AMZN data by YCharts.

Why is Amazon struggling despite everything it has going for it? Let's take a look.

The headwinds facing Amazon

The company's e-commerce business is huge, but it's also very expensive. The problem is that it doesn't make much money despite generating hundreds of billions in sales every year.

In the first quarter, it had $181.5 billion in sales -- an impressive figure. Of that, $143.9 billion came from Amazon.com's domestic and international sales. But those sales also recorded $134.24 billion in expenses, leaving a small profit margin of just 6.7%.

The Amazon logo on a yellow background with an amazon truck and building in the background.

Image source: The Motley Fool.

AWS is much more profitable and growing faster. In the first quarter, its sales were $37.58 billion, up 28.4% from a year ago. The segment generated $14.16 billion in profits, giving it a much healthier profit margin of 37.6%.

AWS is the most appealing part of Amazon's growth story right now. Grand View Research estimates that the cloud computing market is worth $1.1 trillion this year, up from $943 billion in 2025. And it forecasts that the industry will grow to $3.35 trillion by 2033, with a compound annual rate of 16%.

That's why hyperscalers like Amazon are building up their cloud computing capacity and buying GPUs from companies like Nvidia hand over fist. It had $131.8 billion in capital expenditures (capex) in 2025 and estimates it will spend $200 billion this year.

That's a scary number for many investors. AI chips such as GPUs are incredibly powerful, and you need to bundle hundreds of them in data centers to train and run AI programs.
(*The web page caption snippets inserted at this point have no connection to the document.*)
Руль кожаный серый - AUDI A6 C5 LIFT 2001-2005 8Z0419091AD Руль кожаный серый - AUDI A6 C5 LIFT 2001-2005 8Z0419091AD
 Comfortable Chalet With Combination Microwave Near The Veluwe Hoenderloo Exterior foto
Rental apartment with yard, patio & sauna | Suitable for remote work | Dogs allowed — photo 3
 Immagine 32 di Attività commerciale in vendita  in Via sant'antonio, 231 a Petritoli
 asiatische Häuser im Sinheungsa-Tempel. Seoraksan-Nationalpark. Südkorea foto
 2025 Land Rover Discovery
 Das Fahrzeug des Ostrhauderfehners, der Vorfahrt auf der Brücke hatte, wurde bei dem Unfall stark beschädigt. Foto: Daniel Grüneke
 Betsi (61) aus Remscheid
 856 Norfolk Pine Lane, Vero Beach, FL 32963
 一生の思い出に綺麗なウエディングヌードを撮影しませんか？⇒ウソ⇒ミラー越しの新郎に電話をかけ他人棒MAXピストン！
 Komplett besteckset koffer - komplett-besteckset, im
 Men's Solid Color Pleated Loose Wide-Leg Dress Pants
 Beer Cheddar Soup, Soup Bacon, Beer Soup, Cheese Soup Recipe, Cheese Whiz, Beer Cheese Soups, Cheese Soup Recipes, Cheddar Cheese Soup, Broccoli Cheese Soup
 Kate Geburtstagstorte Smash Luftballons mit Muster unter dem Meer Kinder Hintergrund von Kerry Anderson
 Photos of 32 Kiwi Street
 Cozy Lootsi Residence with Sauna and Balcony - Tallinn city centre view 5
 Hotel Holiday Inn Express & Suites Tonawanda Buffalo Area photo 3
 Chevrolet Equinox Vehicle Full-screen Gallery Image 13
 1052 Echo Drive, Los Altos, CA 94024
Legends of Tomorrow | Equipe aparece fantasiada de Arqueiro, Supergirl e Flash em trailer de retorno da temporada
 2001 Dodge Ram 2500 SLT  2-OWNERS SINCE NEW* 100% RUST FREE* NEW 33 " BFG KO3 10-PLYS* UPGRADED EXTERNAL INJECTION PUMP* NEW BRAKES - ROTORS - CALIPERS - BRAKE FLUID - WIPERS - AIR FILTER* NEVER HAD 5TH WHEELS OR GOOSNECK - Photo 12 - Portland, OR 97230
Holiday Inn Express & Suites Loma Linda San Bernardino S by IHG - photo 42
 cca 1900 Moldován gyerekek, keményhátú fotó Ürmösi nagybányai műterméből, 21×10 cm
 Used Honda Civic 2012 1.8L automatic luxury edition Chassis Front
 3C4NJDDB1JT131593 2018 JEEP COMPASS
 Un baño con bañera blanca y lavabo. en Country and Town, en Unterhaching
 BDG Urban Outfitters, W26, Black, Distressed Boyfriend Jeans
But GPUs also have a short lifespan because companies like Nvidia are constantly working to improve them and make them more powerful. So it's only natural for investors to question if Amazon and its peers can expect a reasonable return on their investments.

Amazon doubles down on AI

According to Reuters, CEO Andy Jassy projected that AWS will reach $600 billion in annual sales within a decade, doubling his previous estimate. At that rate, the segment would grow by about 17% per year, based on AWS' 2025 sales of $128.7 billion.

Jassy said AI provides a "very unusual opportunity to build this very large business, and we have very clear and significant demand signals. We're not just spending the $200 billion of capex because we're hoping AI is going to be big."

The size of the company's bet on AI is facing skepticism from Wall Street today, a major reason it is underperforming the rest of the Magnificent Seven. I think Amazon stock is still a buy, but only if you have a long-term investment horizon.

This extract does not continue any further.